EXERCISE OBJECTIVE
Could you repeat the records below exactly as written?
*** RECORDS SUPPLIED ***
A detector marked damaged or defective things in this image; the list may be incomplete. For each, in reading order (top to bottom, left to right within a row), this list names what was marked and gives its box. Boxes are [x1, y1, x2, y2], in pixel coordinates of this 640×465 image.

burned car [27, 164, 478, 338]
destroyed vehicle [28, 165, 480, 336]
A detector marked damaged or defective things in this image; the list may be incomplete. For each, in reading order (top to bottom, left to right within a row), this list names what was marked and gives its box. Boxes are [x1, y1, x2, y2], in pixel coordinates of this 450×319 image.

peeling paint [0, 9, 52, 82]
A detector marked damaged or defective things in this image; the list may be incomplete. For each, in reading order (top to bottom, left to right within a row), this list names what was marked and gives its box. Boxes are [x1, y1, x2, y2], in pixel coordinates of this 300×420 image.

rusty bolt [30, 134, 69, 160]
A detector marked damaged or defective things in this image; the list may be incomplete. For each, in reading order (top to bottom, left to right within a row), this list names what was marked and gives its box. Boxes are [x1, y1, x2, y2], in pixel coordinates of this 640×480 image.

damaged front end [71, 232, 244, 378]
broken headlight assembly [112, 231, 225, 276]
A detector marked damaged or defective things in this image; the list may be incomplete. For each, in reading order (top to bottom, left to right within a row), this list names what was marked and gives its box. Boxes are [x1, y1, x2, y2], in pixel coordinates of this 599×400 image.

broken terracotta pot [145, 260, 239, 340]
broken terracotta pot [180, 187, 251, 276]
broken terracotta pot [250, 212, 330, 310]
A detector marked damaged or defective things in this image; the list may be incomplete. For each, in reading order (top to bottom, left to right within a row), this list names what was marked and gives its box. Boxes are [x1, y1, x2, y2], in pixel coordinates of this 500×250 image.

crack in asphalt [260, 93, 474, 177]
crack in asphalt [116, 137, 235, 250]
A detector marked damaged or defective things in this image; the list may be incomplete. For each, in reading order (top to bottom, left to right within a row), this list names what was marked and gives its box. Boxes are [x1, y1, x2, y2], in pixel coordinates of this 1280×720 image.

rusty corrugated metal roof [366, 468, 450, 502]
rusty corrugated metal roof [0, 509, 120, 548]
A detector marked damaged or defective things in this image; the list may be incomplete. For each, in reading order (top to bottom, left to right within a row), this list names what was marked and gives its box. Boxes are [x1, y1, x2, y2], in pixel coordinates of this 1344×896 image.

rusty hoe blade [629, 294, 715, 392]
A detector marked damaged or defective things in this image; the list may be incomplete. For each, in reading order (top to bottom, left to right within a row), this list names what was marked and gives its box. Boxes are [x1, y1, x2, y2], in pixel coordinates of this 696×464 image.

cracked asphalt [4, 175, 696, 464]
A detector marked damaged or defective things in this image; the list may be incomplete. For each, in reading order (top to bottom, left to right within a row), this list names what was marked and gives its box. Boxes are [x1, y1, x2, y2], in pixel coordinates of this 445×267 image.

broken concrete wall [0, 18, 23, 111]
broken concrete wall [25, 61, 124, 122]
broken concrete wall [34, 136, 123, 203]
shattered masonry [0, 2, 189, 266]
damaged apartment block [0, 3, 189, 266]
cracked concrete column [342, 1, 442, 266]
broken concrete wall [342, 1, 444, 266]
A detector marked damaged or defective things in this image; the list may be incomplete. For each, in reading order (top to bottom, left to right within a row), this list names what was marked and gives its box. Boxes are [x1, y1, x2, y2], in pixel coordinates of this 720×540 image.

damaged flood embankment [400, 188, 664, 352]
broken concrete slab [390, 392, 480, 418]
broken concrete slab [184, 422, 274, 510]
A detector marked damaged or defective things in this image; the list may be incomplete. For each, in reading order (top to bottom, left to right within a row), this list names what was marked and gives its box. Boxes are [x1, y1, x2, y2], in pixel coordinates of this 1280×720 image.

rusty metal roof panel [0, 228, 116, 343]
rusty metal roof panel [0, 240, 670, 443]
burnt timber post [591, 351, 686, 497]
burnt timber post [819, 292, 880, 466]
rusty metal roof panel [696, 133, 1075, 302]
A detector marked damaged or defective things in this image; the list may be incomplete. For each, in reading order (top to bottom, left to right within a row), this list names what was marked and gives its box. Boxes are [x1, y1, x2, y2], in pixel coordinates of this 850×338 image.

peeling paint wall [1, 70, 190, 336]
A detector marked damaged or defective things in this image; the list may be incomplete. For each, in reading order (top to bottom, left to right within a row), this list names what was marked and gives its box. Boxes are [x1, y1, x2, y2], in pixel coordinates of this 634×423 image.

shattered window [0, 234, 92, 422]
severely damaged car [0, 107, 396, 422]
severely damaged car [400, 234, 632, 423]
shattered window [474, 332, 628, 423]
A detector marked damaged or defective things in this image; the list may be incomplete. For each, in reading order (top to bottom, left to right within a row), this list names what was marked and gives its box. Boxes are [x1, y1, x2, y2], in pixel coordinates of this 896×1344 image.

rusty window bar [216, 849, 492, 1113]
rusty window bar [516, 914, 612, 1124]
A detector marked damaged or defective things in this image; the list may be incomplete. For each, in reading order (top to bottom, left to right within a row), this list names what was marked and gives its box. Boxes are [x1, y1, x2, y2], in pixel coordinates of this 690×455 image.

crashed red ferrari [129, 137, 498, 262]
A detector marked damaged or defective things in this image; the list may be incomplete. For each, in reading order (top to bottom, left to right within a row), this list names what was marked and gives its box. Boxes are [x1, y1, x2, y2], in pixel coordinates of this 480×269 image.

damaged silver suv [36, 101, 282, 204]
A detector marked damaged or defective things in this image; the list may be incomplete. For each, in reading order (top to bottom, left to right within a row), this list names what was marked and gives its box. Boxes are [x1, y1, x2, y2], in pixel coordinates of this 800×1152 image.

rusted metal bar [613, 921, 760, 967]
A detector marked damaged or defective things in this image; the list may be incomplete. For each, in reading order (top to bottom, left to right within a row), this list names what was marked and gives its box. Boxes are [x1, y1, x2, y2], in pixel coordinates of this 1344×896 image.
*** End of RECORDS SUPPLIED ***
RESPONSE FOR THIS EXERCISE
A detector marked damaged or defective things in this image; the list may be incomplete. For each, in reading order (top to bottom, left to right within a row), this list names what was marked and gives its box. Boxes are [x1, y1, x2, y2], in pixel coordinates of this 640×465 image.

burned car [27, 164, 478, 338]
destroyed vehicle [28, 165, 480, 336]
A detector marked damaged or defective things in this image; the list may be incomplete. For each, in reading order (top to bottom, left to right within a row), this list names what was marked and gives its box. Boxes are [x1, y1, x2, y2], in pixel coordinates of this 450×319 image.

peeling paint [0, 9, 52, 82]
A detector marked damaged or defective things in this image; the list may be incomplete. For each, in reading order (top to bottom, left to right within a row), this list names what was marked and gives its box. Boxes are [x1, y1, x2, y2], in pixel coordinates of this 300×420 image.

rusty bolt [30, 134, 69, 160]
A detector marked damaged or defective things in this image; the list may be incomplete. For each, in reading order (top to bottom, left to right within a row), this list names what was marked and gives its box. Boxes are [x1, y1, x2, y2], in pixel coordinates of this 640×480 image.

damaged front end [71, 232, 244, 378]
broken headlight assembly [112, 231, 225, 276]
A detector marked damaged or defective things in this image; the list may be incomplete. For each, in reading order (top to bottom, left to right within a row), this list names what was marked and gives its box. Boxes are [x1, y1, x2, y2], in pixel coordinates of this 599×400 image.

broken terracotta pot [145, 260, 239, 340]
broken terracotta pot [180, 187, 251, 276]
broken terracotta pot [250, 212, 330, 310]
A detector marked damaged or defective things in this image; the list may be incomplete. For each, in reading order (top to bottom, left to right within a row), this list names what was marked and gives its box. Boxes are [x1, y1, x2, y2], in pixel coordinates of this 500×250 image.

crack in asphalt [260, 93, 474, 177]
crack in asphalt [116, 137, 235, 250]
A detector marked damaged or defective things in this image; the list may be incomplete. For each, in reading order (top to bottom, left to right within a row), this list names what was marked and gives its box. Boxes are [x1, y1, x2, y2], in pixel coordinates of this 1280×720 image.

rusty corrugated metal roof [366, 468, 450, 502]
rusty corrugated metal roof [0, 509, 120, 548]
A detector marked damaged or defective things in this image; the list may be incomplete. For each, in reading order (top to bottom, left to right within a row), this list names what was marked and gives its box. Boxes are [x1, y1, x2, y2], in pixel coordinates of this 1344×896 image.

rusty hoe blade [629, 294, 715, 392]
A detector marked damaged or defective things in this image; the list may be incomplete. For each, in reading order (top to bottom, left to right within a row), this list names what was marked and gives its box. Boxes are [x1, y1, x2, y2], in pixel coordinates of this 696×464 image.

cracked asphalt [4, 175, 696, 464]
A detector marked damaged or defective things in this image; the list may be incomplete. For each, in reading order (top to bottom, left to right within a row), this list names what was marked and gives its box. Boxes are [x1, y1, x2, y2], in pixel coordinates of this 445×267 image.

broken concrete wall [0, 18, 23, 111]
broken concrete wall [25, 61, 124, 122]
broken concrete wall [34, 136, 123, 203]
shattered masonry [0, 2, 189, 266]
damaged apartment block [0, 3, 189, 266]
cracked concrete column [342, 1, 442, 266]
broken concrete wall [342, 1, 444, 266]
A detector marked damaged or defective things in this image; the list may be incomplete. For each, in reading order (top to bottom, left to right within a row), this list names what was marked and gives its box. Boxes are [x1, y1, x2, y2], in pixel coordinates of this 720×540 image.

damaged flood embankment [400, 188, 664, 352]
broken concrete slab [390, 392, 480, 418]
broken concrete slab [184, 422, 274, 510]
A detector marked damaged or defective things in this image; the list may be incomplete. For each, in reading order (top to bottom, left to right within a row), this list names what was marked and gives its box. Boxes are [x1, y1, x2, y2], in pixel coordinates of this 1280×720 image.

rusty metal roof panel [0, 228, 116, 343]
rusty metal roof panel [0, 240, 670, 443]
burnt timber post [591, 351, 686, 497]
burnt timber post [819, 292, 880, 466]
rusty metal roof panel [696, 133, 1075, 302]
A detector marked damaged or defective things in this image; the list may be incomplete. For each, in reading order (top to bottom, left to right within a row), this list names what was marked and gives its box. Boxes are [x1, y1, x2, y2], in pixel coordinates of this 850×338 image.

peeling paint wall [1, 70, 190, 336]
A detector marked damaged or defective things in this image; the list may be incomplete. For each, in reading order (top to bottom, left to right within a row), this list names what was marked and gives its box. Boxes are [x1, y1, x2, y2], in pixel coordinates of this 634×423 image.

shattered window [0, 234, 92, 422]
severely damaged car [0, 107, 396, 422]
severely damaged car [400, 234, 632, 423]
shattered window [474, 332, 628, 423]
A detector marked damaged or defective things in this image; the list may be incomplete. For each, in reading order (top to bottom, left to right within a row), this list names what was marked and gives its box. Boxes are [x1, y1, x2, y2], in pixel coordinates of this 896×1344 image.

rusty window bar [216, 849, 492, 1113]
rusty window bar [516, 914, 612, 1124]
A detector marked damaged or defective things in this image; the list may be incomplete. For each, in reading order (top to bottom, left to right within a row), this list names what was marked and gives its box. Boxes are [x1, y1, x2, y2], in pixel coordinates of this 690×455 image.

crashed red ferrari [129, 137, 498, 262]
A detector marked damaged or defective things in this image; the list may be incomplete. For each, in reading order (top to bottom, left to right within a row), this list names what was marked and gives its box. Boxes are [x1, y1, x2, y2], in pixel coordinates of this 480×269 image.

damaged silver suv [36, 101, 282, 204]
A detector marked damaged or defective things in this image; the list may be incomplete. For each, in reading order (top to bottom, left to right within a row), this list names what was marked and gives its box. Boxes are [x1, y1, x2, y2], in pixel coordinates of this 800×1152 image.

rusted metal bar [613, 921, 760, 967]
A detector marked damaged or defective things in this image; the list may be incomplete. For each, in reading order (top to bottom, left to right within a row), this list names what was marked and gives its box. Boxes are [x1, y1, x2, y2], in pixel coordinates of this 1344×896 image.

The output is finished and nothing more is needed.